|
|
|
|
|
by te_platt
5347 days ago
|
|
I agree that most ideas are obvious in retrospect. Still, In my experience most ideas are obvious before hand as well. So what is a good way to define obvious or novel as applied to patents? I have two ideas. 1. Boggle rule. In the game Boggle when two players come up with the same word neither get credit. If from a given time of filing a patent someone else files a similar patent both are rejected. 2. Virgin engineer rule. Take a group of people competent in the field of the proposed patent but without any knowledge of the patent. Give them the problem the patent purports to address.

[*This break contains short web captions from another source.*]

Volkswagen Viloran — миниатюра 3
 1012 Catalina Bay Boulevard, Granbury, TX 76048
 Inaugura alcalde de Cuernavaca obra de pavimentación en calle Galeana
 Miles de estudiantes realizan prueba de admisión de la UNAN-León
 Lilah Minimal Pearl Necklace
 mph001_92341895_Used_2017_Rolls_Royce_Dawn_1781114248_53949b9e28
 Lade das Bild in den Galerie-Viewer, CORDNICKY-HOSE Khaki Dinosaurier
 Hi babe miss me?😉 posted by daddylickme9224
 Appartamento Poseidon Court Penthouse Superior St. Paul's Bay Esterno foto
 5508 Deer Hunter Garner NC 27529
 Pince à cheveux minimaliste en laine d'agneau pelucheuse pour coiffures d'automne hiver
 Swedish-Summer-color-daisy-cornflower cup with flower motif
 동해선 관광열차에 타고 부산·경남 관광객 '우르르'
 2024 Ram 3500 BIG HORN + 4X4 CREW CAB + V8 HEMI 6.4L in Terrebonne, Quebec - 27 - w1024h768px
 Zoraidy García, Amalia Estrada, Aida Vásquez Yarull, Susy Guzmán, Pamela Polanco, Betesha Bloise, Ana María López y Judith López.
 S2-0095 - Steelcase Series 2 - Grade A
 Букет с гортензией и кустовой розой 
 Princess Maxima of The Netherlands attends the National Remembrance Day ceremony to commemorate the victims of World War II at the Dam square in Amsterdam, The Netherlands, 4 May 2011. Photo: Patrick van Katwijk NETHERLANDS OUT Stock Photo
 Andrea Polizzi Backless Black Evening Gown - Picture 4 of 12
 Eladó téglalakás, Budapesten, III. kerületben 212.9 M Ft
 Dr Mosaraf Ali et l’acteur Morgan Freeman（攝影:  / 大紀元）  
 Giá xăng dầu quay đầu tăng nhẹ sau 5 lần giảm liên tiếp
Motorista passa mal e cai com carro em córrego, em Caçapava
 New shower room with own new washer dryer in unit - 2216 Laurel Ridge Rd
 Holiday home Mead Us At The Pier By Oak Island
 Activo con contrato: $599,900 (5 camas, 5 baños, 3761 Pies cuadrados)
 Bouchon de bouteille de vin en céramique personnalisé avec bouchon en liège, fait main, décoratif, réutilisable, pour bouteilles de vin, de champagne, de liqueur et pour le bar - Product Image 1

If in a single day their solutions substantially match the proposed patent, reject the patent. |
|
The first is reasonably sound. A potentially very interesting idea is to allow anything filed within 3 months of filing to be considered "prior art", although I'm not sure this would make a huge difference in practice.
The second would be very labor intensive if done in practice. Doing this as a thought-experiment is actually how non-obviousness is determined by patent examiners. If an engineer of "ordinary skill in the art" would think the approach obvious given the prior art, then the patent is deemed obvious. I don't know if it's ever been tried to locate 'virgin engineers' to demonstrate that a patent is obvious.
So the second idea is how the system works, although the examiner is supposed to be the group of engineers.